Antonio Nariño Airport (Aeropuerto Antonio Nariño, ) is an airport located in the town of Chachagüí and which serves the city of Pasto in the Nariño Department of Colombia. The airport is 35 km north of Pasto. It handles only domestic flights in addition to military operations and private charters. A new terminal, administrative and tower control were built, also new navigation equipment was set up due to the increasing number of passengers and cargo flights. Usually Airbus 318, 319, 320, Boeing 737, 727, turboprop and different types of smaller aircraft use the airport

The airport was classified as international airport and it serves flights to Esmeraldas, Ecuador. which is operated by Intercontinental de Aviación until the airline ceased its operations in 2010.

==Runway==
The airport has a table top runway, built on a plateau of 50 meters because of the surrounding terrain. Due to this, many pilots refer to the airport as an aircraft carrier. The runway is also relatively short for the elevation of the airport.

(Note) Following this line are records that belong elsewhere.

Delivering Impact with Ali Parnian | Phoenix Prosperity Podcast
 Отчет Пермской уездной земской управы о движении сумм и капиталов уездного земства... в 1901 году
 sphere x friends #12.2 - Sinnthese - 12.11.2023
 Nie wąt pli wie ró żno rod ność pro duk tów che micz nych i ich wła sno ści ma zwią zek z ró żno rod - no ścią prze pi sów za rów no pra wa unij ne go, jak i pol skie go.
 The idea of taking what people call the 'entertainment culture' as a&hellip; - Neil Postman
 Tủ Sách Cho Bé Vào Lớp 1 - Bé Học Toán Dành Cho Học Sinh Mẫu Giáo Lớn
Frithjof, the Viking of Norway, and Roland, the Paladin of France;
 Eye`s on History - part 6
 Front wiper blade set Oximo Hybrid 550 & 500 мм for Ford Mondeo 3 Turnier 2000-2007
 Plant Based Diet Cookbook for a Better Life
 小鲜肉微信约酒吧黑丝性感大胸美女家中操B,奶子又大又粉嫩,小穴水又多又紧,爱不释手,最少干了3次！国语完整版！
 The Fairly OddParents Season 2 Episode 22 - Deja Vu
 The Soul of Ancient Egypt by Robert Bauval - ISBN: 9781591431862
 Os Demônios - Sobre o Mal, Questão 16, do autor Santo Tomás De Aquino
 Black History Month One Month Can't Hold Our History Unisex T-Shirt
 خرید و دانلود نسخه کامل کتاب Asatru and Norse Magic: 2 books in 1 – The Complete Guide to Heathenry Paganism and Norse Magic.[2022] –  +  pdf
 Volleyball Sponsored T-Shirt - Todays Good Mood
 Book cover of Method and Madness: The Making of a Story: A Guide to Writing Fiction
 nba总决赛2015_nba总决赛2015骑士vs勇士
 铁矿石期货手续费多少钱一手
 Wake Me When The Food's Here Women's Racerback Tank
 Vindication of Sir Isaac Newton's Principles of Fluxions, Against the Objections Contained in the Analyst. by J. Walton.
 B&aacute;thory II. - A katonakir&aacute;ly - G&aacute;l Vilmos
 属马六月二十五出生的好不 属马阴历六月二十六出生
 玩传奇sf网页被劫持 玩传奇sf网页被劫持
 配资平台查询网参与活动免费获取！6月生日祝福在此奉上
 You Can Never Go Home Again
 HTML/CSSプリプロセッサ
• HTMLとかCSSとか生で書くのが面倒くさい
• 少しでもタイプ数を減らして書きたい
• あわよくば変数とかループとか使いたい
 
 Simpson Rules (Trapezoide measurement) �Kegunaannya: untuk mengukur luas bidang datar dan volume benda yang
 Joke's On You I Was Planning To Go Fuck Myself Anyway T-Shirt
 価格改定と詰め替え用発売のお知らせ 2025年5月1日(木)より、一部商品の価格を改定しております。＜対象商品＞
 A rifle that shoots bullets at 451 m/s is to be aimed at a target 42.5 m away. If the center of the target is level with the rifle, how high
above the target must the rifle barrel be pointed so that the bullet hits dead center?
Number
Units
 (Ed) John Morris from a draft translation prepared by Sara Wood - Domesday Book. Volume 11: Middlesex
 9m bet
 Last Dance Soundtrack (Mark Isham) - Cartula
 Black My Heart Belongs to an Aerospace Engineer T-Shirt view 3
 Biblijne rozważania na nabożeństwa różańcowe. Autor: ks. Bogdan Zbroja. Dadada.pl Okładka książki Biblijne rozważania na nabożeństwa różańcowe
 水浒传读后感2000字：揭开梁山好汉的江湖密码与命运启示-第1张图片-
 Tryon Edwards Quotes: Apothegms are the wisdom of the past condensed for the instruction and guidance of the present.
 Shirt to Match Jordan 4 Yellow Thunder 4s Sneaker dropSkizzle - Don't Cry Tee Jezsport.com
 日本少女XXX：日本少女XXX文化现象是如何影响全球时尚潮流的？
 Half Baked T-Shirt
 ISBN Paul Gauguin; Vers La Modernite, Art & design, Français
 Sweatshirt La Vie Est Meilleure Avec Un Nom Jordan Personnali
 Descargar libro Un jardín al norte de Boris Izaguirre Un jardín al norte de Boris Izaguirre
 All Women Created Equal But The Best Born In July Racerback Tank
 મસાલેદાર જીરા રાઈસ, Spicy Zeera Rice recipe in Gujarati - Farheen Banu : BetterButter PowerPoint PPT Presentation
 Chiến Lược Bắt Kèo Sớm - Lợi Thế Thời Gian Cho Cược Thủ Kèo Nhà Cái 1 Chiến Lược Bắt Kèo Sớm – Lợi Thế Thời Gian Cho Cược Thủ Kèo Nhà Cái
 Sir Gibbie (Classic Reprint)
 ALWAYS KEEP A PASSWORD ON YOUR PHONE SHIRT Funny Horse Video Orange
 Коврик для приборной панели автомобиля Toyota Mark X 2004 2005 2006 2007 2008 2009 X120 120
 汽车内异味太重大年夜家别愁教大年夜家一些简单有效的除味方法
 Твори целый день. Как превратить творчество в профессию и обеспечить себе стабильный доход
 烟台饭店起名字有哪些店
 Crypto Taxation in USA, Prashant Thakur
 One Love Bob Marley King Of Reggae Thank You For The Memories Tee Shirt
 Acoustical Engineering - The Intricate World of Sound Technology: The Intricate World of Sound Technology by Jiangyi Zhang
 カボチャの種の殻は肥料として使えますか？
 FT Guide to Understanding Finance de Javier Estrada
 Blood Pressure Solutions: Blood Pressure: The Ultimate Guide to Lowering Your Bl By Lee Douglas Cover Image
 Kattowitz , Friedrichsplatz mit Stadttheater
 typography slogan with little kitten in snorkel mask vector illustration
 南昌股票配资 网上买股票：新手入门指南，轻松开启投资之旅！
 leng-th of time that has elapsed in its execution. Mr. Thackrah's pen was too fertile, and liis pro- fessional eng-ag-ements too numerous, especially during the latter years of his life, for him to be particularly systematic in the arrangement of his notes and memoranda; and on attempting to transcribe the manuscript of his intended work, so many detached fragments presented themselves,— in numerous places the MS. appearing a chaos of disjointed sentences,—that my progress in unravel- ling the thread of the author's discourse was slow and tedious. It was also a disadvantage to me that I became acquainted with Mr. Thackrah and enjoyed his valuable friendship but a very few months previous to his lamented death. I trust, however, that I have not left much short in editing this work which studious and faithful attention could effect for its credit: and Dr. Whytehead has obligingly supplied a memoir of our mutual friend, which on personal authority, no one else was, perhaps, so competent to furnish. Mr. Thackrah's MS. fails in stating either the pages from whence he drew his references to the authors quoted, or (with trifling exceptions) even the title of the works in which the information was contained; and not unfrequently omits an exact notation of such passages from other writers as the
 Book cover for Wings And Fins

The position of the runway means that it is often rendered unusable, since in the presence of crosswinds, it prevents aircraft making a safe takeoff and landing. Crosswinds are common during the summer, particularly during the month of August.

Since 2007, the runway has been equipped with an instrument landing system (ILS), which permits airport operations during the night and when there is low visibility.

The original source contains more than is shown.